Captioned web image data:
┌──

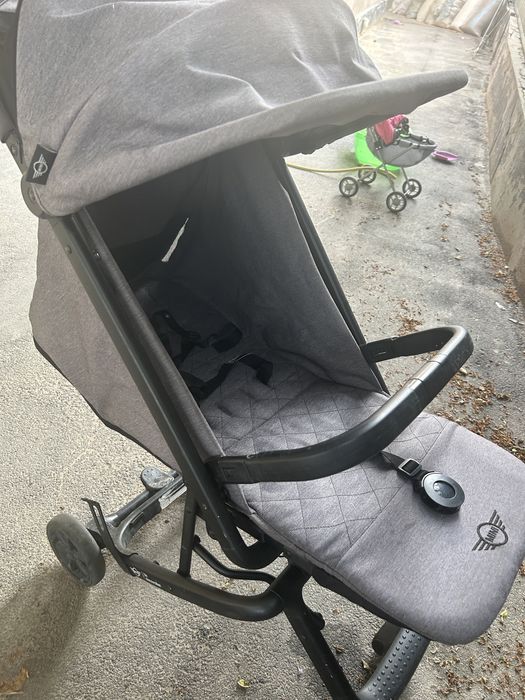 Срочно продам коляску easy walker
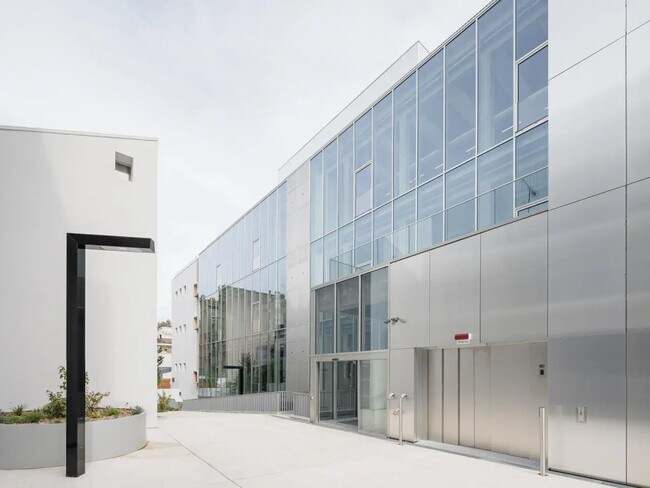 Plus de détails pour 24 Rue Gambetta, Suresnes - Bureau à vendre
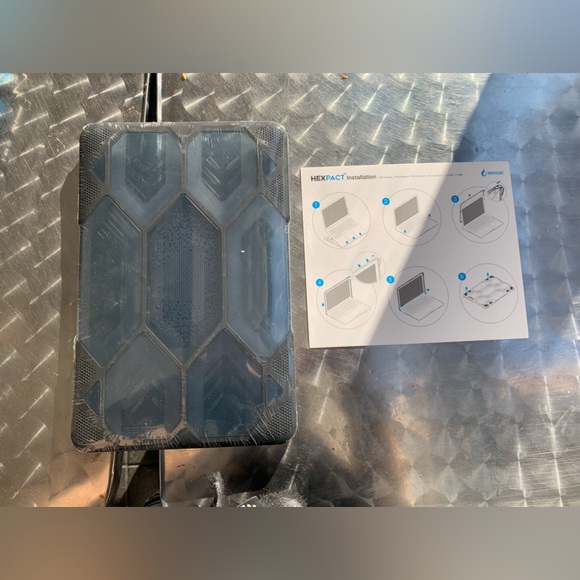 IBENZER НЕХРАСТ Designed for 11" MacBook Air - Picture 3 of 4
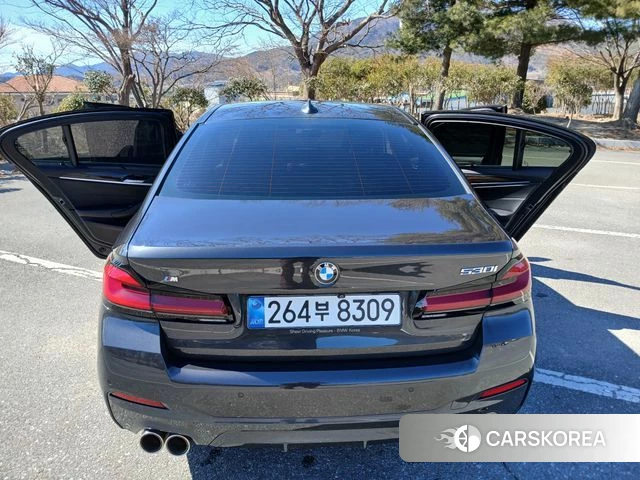 BMW 5 Series (G30) id 3982123 из Кореи 17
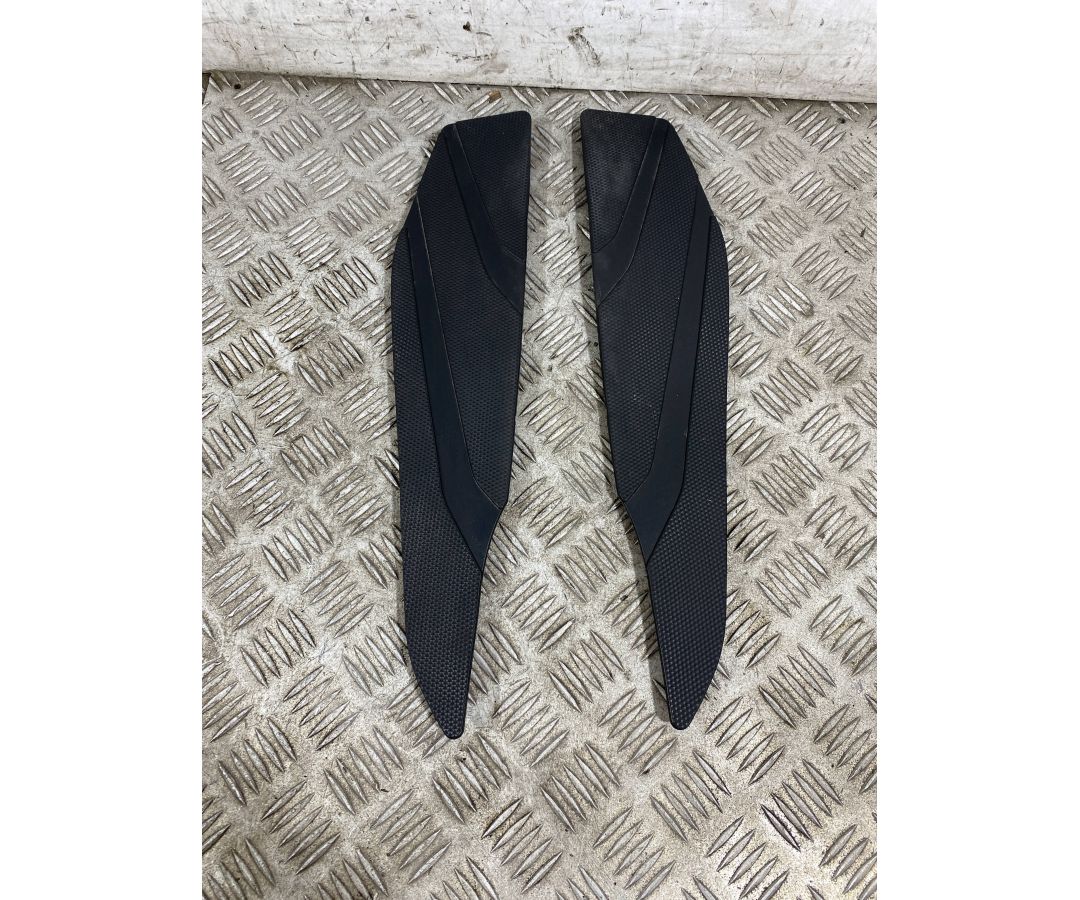 Coppia Tappetini Poggiapiedi Yamaha X-max Xmax 250 Dal 2014 Al 2016  1759843389900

└──

--- Task prompt ---
Without the pictures, return all the entries above exactly as they stand.

--- Written response ---
 Срочно продам коляску easy walker
 Plus de détails pour 24 Rue Gambetta, Suresnes - Bureau à vendre
 IBENZER НЕХРАСТ Designed for 11" MacBook Air - Picture 3 of 4
 BMW 5 Series (G30) id 3982123 из Кореи 17
 Coppia Tappetini Poggiapiedi Yamaha X-max Xmax 250 Dal 2014 Al 2016  1759843389900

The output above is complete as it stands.